_Brief_
Go through the material below and return each line with the string "shopping" in it.

_The data_
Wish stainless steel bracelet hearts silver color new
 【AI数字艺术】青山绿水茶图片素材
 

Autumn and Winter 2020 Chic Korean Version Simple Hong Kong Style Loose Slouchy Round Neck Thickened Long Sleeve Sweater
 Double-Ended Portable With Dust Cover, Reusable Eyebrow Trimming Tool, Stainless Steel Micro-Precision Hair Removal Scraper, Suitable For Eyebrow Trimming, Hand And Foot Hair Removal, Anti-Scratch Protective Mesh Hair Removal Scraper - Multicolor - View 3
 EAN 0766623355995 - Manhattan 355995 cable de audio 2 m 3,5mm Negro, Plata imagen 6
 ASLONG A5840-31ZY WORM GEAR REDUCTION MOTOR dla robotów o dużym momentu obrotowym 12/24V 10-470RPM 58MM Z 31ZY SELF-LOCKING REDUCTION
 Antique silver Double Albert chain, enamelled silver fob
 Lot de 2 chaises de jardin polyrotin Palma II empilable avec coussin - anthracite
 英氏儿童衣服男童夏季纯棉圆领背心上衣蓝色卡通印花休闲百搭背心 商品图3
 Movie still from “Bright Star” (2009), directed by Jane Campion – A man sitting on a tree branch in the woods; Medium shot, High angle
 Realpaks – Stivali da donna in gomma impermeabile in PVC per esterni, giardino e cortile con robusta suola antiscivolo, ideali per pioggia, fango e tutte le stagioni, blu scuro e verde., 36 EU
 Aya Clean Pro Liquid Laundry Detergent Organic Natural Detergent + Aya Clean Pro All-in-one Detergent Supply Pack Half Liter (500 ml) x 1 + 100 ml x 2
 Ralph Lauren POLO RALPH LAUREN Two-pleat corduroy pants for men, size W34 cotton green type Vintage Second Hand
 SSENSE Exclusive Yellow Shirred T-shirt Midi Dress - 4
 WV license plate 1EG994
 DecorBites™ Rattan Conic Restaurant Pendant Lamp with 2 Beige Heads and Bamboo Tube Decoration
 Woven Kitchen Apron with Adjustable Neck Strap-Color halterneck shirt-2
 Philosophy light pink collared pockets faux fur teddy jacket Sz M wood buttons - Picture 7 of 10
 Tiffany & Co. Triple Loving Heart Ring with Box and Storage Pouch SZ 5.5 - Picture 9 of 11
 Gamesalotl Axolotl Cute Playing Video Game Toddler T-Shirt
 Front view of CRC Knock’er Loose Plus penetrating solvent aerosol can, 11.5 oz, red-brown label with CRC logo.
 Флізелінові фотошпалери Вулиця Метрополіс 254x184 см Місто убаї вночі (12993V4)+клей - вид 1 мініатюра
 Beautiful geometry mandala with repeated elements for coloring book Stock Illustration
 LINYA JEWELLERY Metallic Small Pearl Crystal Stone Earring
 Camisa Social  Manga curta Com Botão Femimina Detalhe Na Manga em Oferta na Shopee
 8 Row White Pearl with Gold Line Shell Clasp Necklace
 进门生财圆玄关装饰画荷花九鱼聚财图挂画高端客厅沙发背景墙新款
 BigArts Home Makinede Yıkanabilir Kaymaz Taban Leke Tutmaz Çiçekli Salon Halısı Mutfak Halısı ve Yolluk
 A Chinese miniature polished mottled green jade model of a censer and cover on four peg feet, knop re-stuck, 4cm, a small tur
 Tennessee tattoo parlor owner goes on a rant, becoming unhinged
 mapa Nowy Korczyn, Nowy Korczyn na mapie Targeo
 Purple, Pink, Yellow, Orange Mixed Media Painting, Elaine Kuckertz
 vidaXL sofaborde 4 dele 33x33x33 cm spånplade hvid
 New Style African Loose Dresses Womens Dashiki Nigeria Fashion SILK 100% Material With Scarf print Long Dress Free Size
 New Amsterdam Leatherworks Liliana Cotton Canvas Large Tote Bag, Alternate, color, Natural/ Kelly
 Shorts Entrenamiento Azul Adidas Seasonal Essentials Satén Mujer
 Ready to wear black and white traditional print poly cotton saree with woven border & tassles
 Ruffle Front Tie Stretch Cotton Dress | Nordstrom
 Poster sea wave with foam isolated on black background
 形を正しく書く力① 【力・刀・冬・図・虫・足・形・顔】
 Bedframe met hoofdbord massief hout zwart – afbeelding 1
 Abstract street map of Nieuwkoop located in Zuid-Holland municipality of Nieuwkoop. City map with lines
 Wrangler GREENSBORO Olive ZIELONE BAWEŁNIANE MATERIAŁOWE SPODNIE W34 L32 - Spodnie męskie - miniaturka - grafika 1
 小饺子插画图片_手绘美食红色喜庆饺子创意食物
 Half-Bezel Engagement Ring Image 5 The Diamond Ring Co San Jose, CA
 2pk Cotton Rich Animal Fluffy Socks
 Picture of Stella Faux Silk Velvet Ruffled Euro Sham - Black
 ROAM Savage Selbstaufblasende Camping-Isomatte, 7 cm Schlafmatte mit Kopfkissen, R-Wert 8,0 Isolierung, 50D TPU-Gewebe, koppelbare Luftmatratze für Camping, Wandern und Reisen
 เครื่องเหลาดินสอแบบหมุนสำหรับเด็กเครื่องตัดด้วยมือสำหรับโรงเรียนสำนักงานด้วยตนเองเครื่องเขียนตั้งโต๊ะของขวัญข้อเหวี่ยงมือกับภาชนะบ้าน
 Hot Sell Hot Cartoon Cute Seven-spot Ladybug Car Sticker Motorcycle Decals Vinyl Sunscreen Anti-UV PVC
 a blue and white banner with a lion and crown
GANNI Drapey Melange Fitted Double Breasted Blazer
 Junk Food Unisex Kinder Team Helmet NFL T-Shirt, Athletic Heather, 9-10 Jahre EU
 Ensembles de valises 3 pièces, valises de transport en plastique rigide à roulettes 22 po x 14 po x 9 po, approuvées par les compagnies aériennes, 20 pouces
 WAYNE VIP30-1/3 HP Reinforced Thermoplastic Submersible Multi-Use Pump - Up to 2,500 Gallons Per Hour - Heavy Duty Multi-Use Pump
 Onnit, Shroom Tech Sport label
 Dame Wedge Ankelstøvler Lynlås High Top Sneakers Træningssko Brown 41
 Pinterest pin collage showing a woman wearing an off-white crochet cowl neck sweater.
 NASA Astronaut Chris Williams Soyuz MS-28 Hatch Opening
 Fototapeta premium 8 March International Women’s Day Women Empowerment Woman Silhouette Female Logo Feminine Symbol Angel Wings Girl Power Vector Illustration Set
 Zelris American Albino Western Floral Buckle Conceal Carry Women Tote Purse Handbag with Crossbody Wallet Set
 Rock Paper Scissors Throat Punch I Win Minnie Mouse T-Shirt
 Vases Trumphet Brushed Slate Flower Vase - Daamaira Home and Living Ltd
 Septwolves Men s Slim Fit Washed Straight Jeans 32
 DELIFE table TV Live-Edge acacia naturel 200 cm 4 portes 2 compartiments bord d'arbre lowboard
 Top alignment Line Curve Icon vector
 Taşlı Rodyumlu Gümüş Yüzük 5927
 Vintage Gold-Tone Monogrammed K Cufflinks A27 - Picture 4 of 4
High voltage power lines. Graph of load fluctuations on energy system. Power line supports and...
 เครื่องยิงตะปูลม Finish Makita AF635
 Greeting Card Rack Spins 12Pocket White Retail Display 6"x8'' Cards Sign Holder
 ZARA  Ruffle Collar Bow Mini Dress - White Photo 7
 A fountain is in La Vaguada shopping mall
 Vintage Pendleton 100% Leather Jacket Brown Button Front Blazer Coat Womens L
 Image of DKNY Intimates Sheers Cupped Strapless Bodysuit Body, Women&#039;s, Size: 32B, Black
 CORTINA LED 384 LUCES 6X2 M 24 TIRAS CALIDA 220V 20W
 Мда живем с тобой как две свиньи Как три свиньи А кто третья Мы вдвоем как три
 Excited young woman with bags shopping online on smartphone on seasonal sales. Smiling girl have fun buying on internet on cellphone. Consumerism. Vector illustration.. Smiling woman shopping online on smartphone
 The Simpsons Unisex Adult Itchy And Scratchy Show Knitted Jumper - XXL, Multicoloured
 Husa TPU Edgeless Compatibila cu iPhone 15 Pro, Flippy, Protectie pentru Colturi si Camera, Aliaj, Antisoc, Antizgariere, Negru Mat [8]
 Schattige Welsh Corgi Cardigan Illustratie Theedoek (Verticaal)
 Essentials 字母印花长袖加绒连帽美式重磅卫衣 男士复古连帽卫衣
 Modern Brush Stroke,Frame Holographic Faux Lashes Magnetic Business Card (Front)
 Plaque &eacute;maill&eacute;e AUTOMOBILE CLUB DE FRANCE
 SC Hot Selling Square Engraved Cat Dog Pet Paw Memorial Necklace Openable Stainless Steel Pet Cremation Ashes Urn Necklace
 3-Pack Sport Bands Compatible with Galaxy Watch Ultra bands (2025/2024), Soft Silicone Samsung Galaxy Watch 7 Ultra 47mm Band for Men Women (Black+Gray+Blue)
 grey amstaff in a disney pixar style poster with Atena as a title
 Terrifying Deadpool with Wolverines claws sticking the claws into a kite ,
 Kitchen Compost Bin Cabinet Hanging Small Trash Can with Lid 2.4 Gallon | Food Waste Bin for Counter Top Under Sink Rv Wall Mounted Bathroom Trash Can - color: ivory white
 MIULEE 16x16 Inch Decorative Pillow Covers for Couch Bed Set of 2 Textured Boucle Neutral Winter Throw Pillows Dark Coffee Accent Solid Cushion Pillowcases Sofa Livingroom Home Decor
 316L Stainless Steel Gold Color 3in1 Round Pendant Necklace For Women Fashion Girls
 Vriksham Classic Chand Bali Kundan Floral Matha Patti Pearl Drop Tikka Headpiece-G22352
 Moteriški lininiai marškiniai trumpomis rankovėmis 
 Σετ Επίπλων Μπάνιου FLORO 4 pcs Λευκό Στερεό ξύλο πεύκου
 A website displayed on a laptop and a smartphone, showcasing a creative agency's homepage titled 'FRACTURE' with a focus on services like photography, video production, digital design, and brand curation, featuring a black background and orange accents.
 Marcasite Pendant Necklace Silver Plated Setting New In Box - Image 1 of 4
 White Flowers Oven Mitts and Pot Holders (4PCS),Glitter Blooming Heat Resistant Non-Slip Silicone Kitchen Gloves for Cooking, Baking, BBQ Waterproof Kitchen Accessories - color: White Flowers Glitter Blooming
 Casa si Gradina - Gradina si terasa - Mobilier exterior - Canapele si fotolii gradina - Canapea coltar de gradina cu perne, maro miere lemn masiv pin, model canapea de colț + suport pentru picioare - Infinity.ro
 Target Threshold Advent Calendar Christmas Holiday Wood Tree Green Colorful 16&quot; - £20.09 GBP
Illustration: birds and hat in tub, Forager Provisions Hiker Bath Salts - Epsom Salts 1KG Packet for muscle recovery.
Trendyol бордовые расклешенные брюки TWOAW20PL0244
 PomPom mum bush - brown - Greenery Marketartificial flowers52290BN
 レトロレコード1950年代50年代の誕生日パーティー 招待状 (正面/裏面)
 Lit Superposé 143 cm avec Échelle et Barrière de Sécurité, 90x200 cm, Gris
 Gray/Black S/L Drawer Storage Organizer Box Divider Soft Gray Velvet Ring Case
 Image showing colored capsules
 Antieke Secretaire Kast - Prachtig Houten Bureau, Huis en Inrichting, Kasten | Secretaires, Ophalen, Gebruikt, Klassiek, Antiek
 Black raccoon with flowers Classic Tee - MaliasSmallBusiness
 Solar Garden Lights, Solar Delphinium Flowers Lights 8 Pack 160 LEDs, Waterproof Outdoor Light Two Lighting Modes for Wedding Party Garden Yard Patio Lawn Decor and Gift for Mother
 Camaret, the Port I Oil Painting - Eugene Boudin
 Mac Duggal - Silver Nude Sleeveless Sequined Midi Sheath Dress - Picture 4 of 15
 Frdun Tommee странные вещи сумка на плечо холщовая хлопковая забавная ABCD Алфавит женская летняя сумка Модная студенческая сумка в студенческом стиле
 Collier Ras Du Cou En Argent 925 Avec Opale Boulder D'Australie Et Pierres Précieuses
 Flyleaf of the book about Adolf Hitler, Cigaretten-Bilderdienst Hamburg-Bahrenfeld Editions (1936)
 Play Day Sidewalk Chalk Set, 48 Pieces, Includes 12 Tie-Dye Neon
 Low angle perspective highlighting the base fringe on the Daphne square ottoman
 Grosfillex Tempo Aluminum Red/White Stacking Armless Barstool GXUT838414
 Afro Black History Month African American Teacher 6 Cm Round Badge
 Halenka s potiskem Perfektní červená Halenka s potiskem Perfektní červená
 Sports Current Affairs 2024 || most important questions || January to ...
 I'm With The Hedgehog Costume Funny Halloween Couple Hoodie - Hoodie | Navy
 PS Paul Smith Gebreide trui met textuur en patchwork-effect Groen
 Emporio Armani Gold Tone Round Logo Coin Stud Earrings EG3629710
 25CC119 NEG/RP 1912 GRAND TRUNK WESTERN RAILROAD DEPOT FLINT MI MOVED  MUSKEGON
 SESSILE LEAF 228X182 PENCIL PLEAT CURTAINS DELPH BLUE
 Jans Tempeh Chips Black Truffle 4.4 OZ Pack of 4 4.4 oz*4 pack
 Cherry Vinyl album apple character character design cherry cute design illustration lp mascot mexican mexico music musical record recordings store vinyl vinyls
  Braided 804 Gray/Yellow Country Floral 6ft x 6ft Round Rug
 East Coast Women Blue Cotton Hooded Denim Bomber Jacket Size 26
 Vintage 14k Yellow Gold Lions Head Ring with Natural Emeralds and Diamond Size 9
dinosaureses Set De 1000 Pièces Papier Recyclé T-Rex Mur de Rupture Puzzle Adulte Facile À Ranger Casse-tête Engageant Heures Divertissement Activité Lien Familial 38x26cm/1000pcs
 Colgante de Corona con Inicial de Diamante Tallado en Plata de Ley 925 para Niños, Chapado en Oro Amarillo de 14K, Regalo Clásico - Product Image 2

_Finished exercise_
 A fountain is in La Vaguada shopping mall
 Excited young woman with bags shopping online on smartphone on seasonal sales. Smiling girl have fun buying on internet on cellphone. Consumerism. Vector illustration.. Smiling woman shopping online on smartphone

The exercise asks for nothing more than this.